Image compressed size – the size it occupies in the container image registry, directly correlates with pull time, while image uncompressed size – the size of the image once downloaded, impacts the time it takes to bootstrap the container – the larger the size the longer it takes to decompress and extract the image layers, mount them, and combine them into the container file system.

While there are other contributing factors, like number of image layers, their structure, deduplication and container runtime cache efficiency, or registry proximity, paying special attention to size optimization is an important step on the road to reducing startup latency.
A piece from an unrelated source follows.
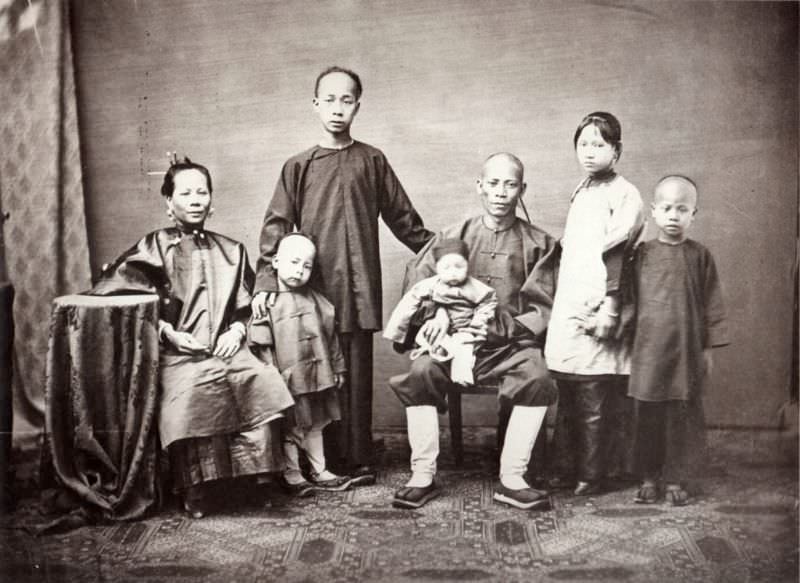 A shopkeeper and his family, Canton, 1861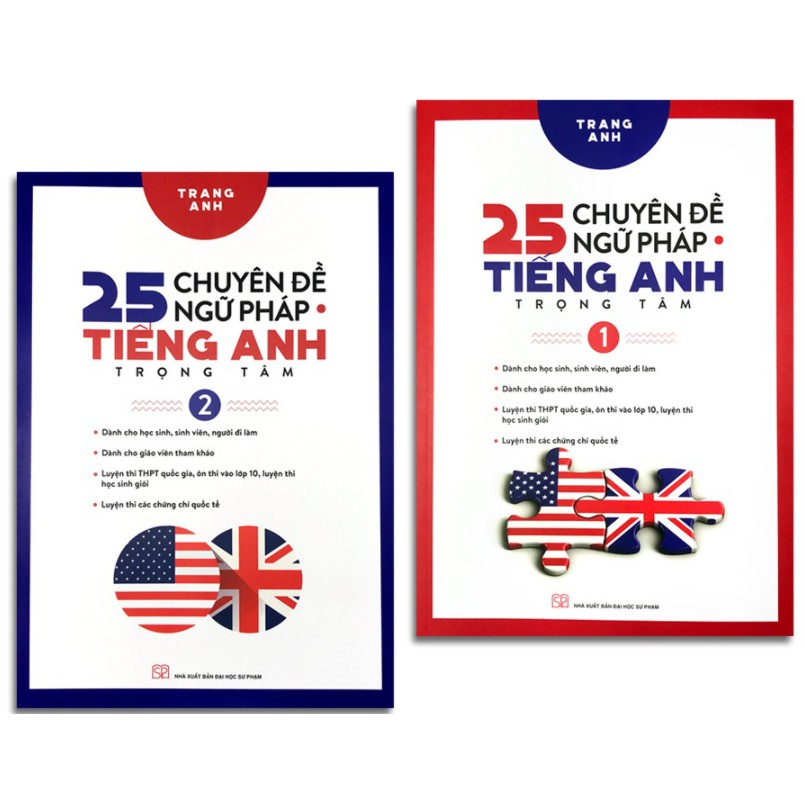 [Mã LIFEXANH03 giảm 10% đơn 500K] Sách - Combo 25 Chuyên Đề Ngữ Pháp Tiếng Anh Trọng Tâm (Bộ 2 quyển,)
As described in AWS Container Build lens, traditional optimization techniques, such as multi-stage builds and layer structuring that benefits loading and caching, provide foundational improvements to container image size and overall performance and cost efficiency, regardless of application type. For AI/ML inference application container images, decoupling large components often yields an additional significant size reduction, since these components, particularly model artifacts and serving frameworks, often exceed several gigabytes (GB) in size.

The solutions in this section focus on both traditional optimization techniques and architectural patterns that extract these large components from the container image to a different delivery system, like Amazon S3 or Amazon FSx.

Note that the relocated components must still be made available to the application, requiring any new delivery system to be faster than the image pull process. The subsequent Accelerating pull process section addresses how to optimize the retrieval of container images.